TASK DESCRIPTION: From the data below, copy exactly the lines that lie between the one holding "Campos Coffee Marketing Mix Strategy. Page 1" and the one holding "Gud bär för", including both, and nothing more.

EXTRACTED RECORDS:
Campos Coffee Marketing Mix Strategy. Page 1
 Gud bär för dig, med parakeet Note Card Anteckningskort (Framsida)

--

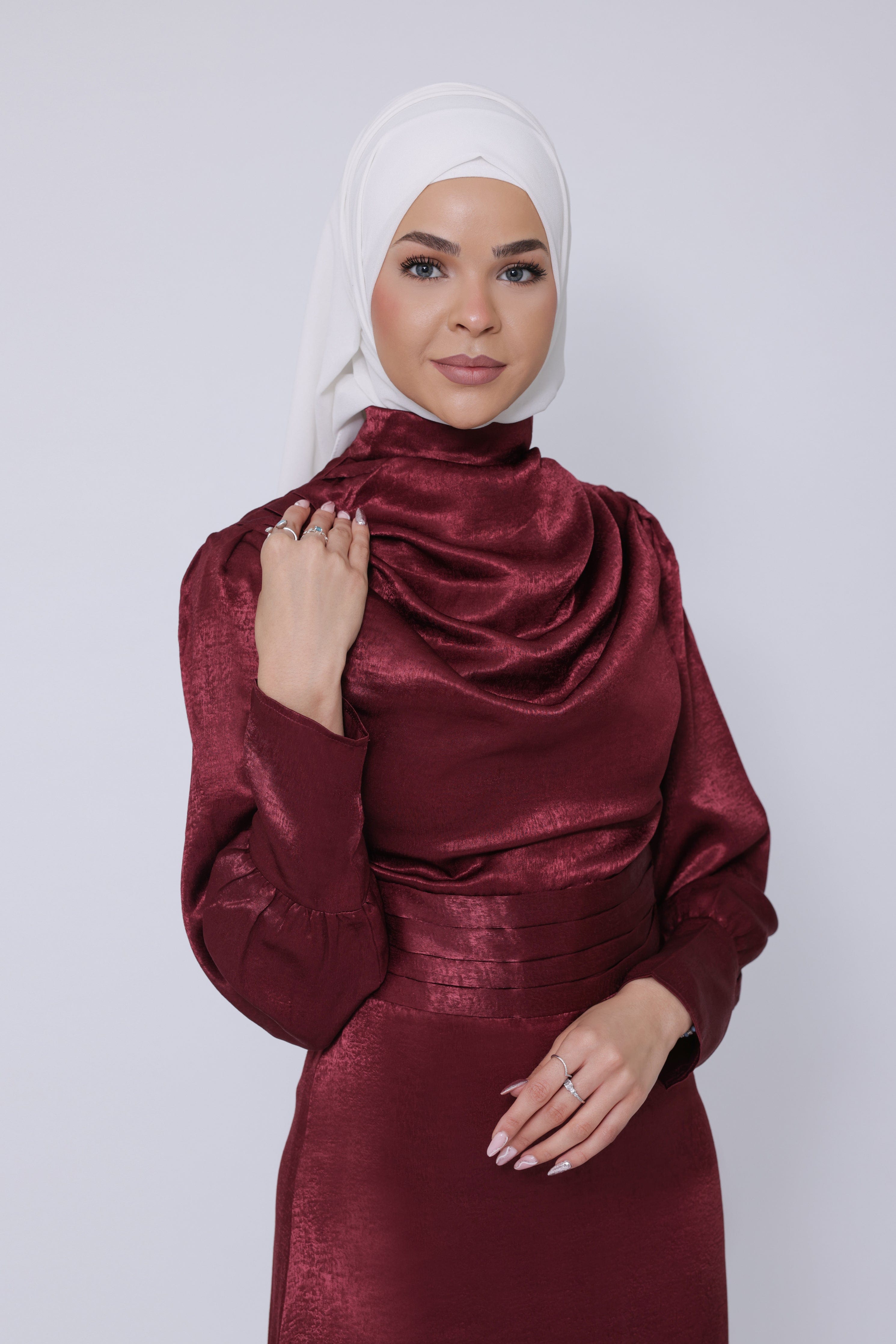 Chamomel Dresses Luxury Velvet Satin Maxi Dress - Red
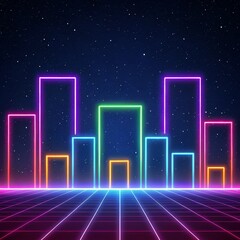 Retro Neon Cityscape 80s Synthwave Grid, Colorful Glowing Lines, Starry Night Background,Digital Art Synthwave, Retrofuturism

---

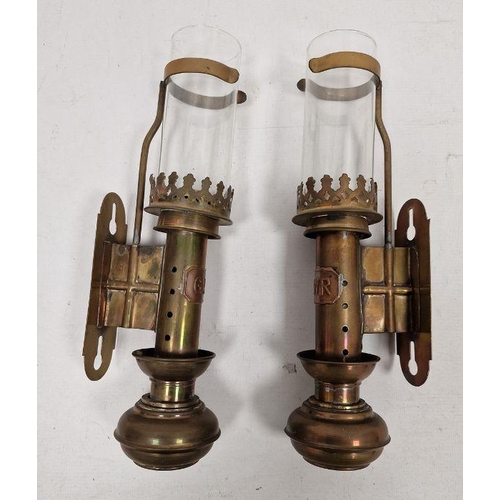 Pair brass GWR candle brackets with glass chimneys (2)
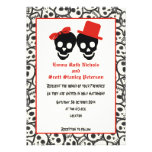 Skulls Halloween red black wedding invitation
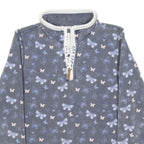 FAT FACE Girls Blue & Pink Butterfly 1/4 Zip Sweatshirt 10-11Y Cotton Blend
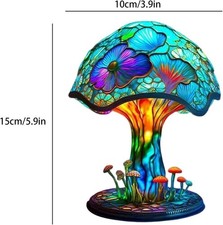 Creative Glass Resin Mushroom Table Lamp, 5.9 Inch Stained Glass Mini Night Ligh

SOLUTION TO THIS EXERCISE:
Campos Coffee Marketing Mix Strategy. Page 1
 Gud bär för dig, med parakeet Note Card Anteckningskort (Framsida)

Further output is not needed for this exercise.